A spingere per il mantenimento dell’attuale assetto pensionistico è anche il commissario Ue agli affari economici Pierre Moscovici, che il 27 marzo, davanti all’Europarlamento, ha detto: “c’è una debolezza della produttività che l’Italia deve affrontare” e, “visto il livello di debito elevato, condurre politiche di bilancio responsabili”. Anche perché il Paese, ha voluto ricordare il commissario, “è la terza economia europea”.
“Restiamo estremamente calmi, prudenti e rispettosi del ritmo democratico italiano”, è il mantra di Moscovici, che ha rifiutato di speculare “sulle riforme di un futuro governo che non conosciamo ancora”, come quella sulle pensioni, e di “nutrire preoccupazioni polemiche” quando non sono nemmeno cominciate le discussioni per la formazione del nuovo governo.
Quel che non cambia, però, sono i paletti entro cui il nuovo esecutivo, qualunque esso sia, dovrà muoversi, a partire dalle prossime scadenze che vedono per metà aprile i dati Eurostat definitivi sui conti pubblici 2017, le previsioni economiche a inizio maggio, e poi le raccomandazioni più la nuova valutazione sul debito di Bruxelles sulla base delle cifre aggiornate.

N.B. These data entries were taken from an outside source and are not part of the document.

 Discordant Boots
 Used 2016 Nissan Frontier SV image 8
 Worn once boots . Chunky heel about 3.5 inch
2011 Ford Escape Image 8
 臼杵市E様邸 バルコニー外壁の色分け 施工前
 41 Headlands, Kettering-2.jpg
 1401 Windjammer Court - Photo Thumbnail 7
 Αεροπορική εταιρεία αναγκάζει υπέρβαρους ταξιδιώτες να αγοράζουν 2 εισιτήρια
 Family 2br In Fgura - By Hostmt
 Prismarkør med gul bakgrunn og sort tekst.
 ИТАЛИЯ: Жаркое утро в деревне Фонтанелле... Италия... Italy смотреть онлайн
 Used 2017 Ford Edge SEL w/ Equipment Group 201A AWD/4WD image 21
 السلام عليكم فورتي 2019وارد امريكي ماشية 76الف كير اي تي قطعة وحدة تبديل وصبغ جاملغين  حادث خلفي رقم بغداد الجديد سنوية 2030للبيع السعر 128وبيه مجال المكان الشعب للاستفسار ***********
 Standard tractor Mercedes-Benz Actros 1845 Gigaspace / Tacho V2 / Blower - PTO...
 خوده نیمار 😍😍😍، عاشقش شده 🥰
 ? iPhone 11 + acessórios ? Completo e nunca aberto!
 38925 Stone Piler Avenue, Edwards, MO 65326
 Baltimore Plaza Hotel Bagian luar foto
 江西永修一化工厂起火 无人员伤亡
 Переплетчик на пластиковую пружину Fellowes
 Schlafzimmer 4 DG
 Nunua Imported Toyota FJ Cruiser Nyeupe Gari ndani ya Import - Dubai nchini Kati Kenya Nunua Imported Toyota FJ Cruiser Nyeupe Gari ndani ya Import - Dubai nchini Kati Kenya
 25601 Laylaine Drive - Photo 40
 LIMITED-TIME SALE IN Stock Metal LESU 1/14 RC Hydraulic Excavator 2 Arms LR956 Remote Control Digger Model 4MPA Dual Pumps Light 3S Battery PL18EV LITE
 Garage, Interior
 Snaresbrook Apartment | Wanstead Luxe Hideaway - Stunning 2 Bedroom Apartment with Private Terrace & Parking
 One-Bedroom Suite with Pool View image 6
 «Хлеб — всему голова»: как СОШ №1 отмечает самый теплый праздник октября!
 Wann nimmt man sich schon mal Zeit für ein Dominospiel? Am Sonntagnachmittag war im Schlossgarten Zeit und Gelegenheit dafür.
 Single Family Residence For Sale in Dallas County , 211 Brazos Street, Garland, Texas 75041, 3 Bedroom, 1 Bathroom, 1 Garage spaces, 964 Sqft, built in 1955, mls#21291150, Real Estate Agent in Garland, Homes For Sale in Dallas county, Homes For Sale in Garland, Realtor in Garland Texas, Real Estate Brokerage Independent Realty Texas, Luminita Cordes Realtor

Intanto, non c’è giorno che un politico dimentichi di puntare il dito sull’attuale riforma pensionistica. Secondo la senatrice Daniela Santanché (FdI), “se governo sarà, sarà un governo che deve fare ciò che abbiamo detto. La legge Fornero non ci sarà più. La legge Fornero non ci sarà più perché vogliamo un patto tra le generazioni”, ha assicurato, su Rai3 la senatrice di Fratelli d’Italia.